For the section Digital Archiving as an Art Practice by Dew Harrison, I thought the idea of archiving stuff sounded great only because I think it could really showcase an artists work; how they have grown, the different ways their art has been expressed, or just how their work has evolved. Its also possible to show how certain art pieces can reflect on different time periods in the artists lives, or how certain circumstances could affect/influence their art.
Towards the end of this section it discusses personal archiving is so accessible, and closes with "It is open to the common man, as accessible as stamp-collecting and as comfortable as the older technologies of print and photography to the present-day artist" (Harrison 108). So this quote it saying digital archiving is ubiquitous and available to everyone and every genre.

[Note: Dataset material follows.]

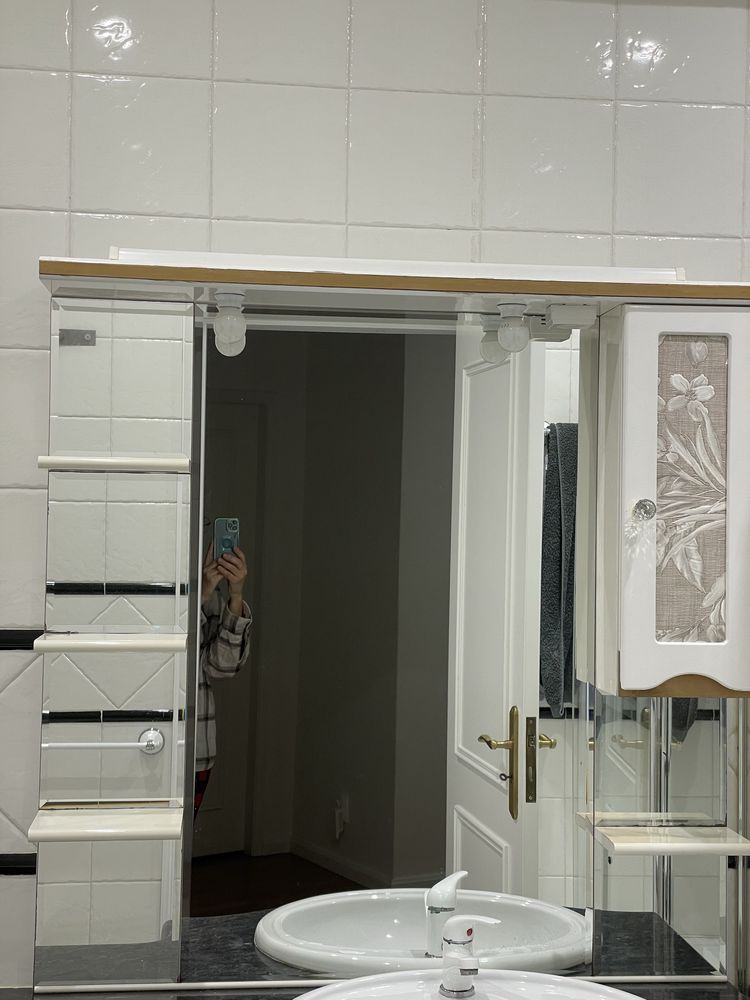 Espelho WC com pequeno armario lateral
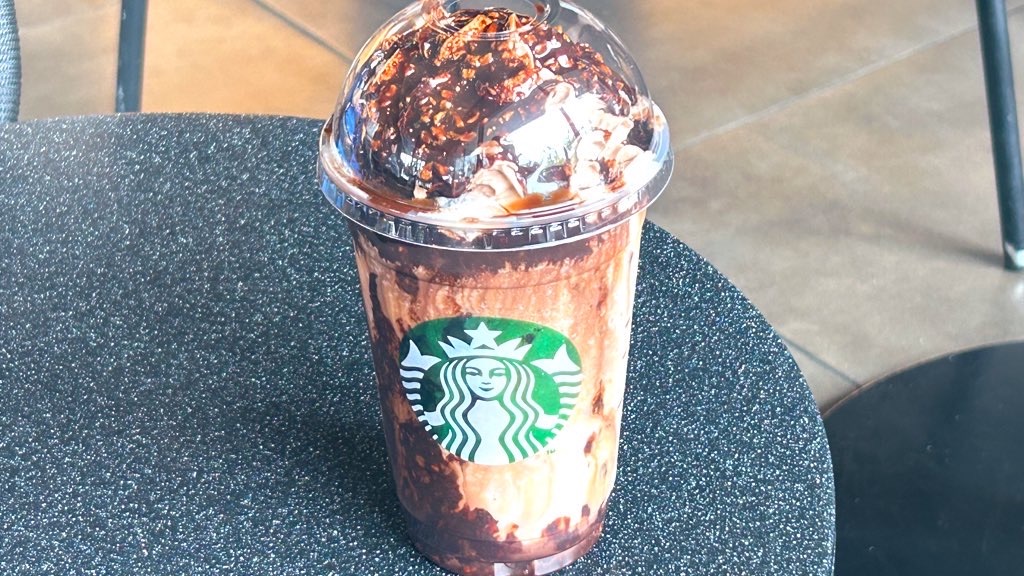 東京・表参道】スターバックスの「クランチー アーモンド チョコレート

In Preservation of Net Art in Museums by Anna Laforet, it talks about how they are trying to save all this info digitally. In reading this I remembered taking this class with Muhlhauser last semester, and we were talking about print and digital info, and how digital could easily be lost or damaged or whatever because of technical issues, whereas print is a hard physical copy (just have to find room and hope theres not a fire). I appreciated the statement on page 110: "Which elements of Net art works should be emphasised, described, documented and kept?" This makes me wonder how things are decided about what is kept and why. (I also just remembered that supposedly the library of congress is keeping every single tweet ever made. Is this true? And why??)
I can understand that it can be interesting, or maybe even useful to keep things from the past. It can be fun or just a great piece of history. But how do we decide whats important enough to keep? Are there regrets over things we have tossed?